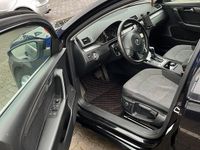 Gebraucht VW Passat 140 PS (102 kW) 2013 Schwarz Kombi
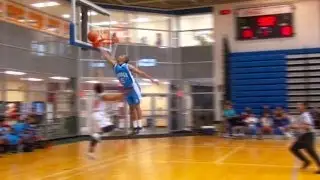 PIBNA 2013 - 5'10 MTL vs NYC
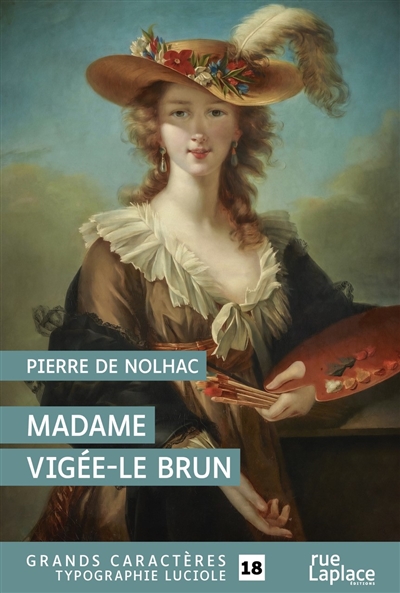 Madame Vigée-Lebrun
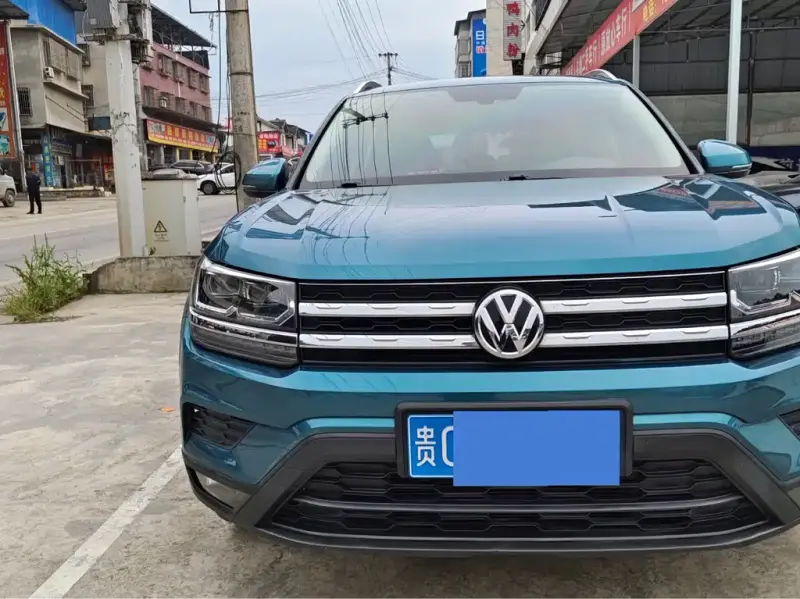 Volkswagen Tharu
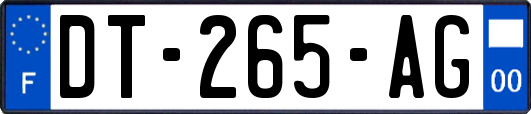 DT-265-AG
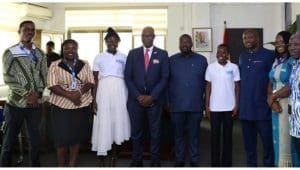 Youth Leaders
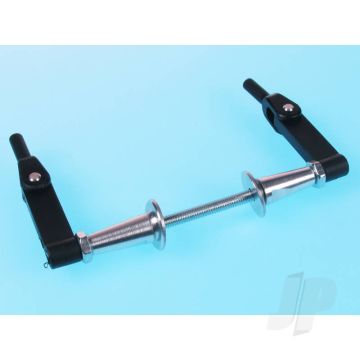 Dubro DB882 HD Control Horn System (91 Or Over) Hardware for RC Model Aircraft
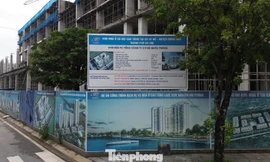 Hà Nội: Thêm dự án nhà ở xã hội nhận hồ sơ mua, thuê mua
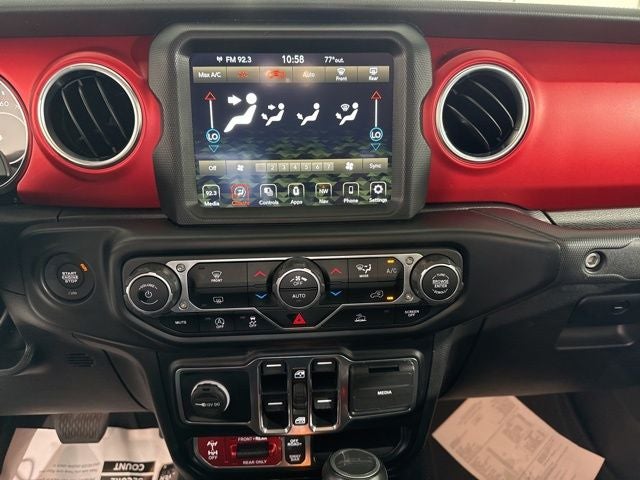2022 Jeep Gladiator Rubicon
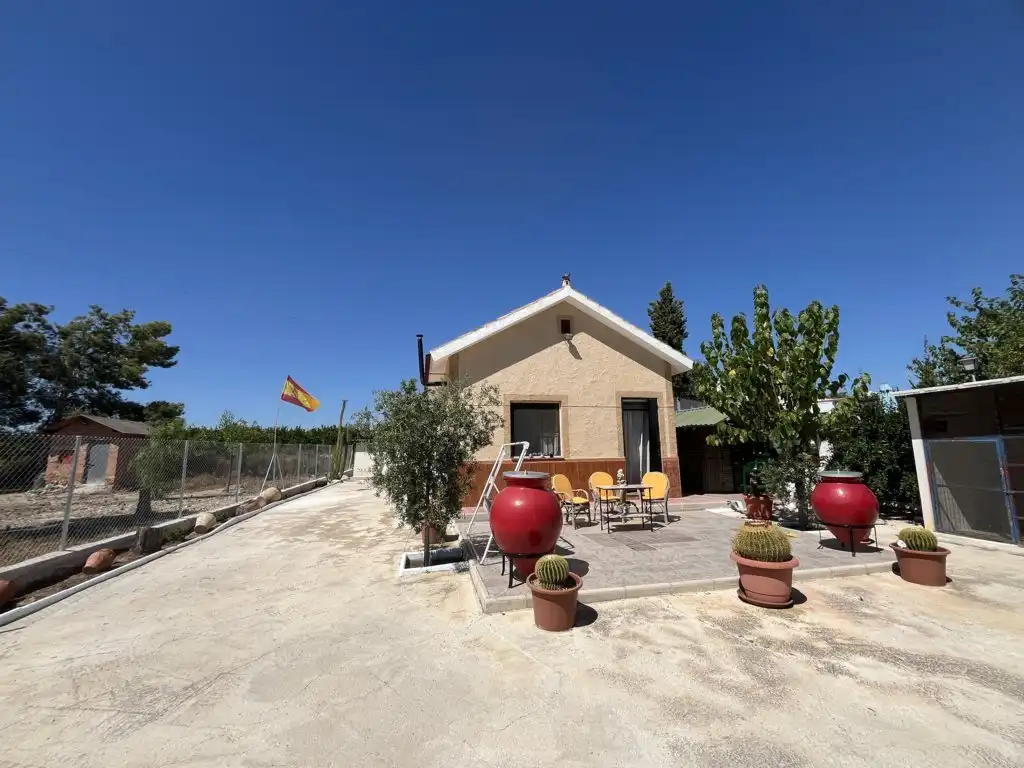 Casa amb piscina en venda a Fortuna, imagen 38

The task
Lines from the one containing "Hà Nội: Thêm" through the final line of the entries above are to be retyped exactly, with every picture left out.

Answer space
 Hà Nội: Thêm dự án nhà ở xã hội nhận hồ sơ mua, thuê mua
2022 Jeep Gladiator Rubicon
 Casa amb piscina en venda a Fortuna, imagen 38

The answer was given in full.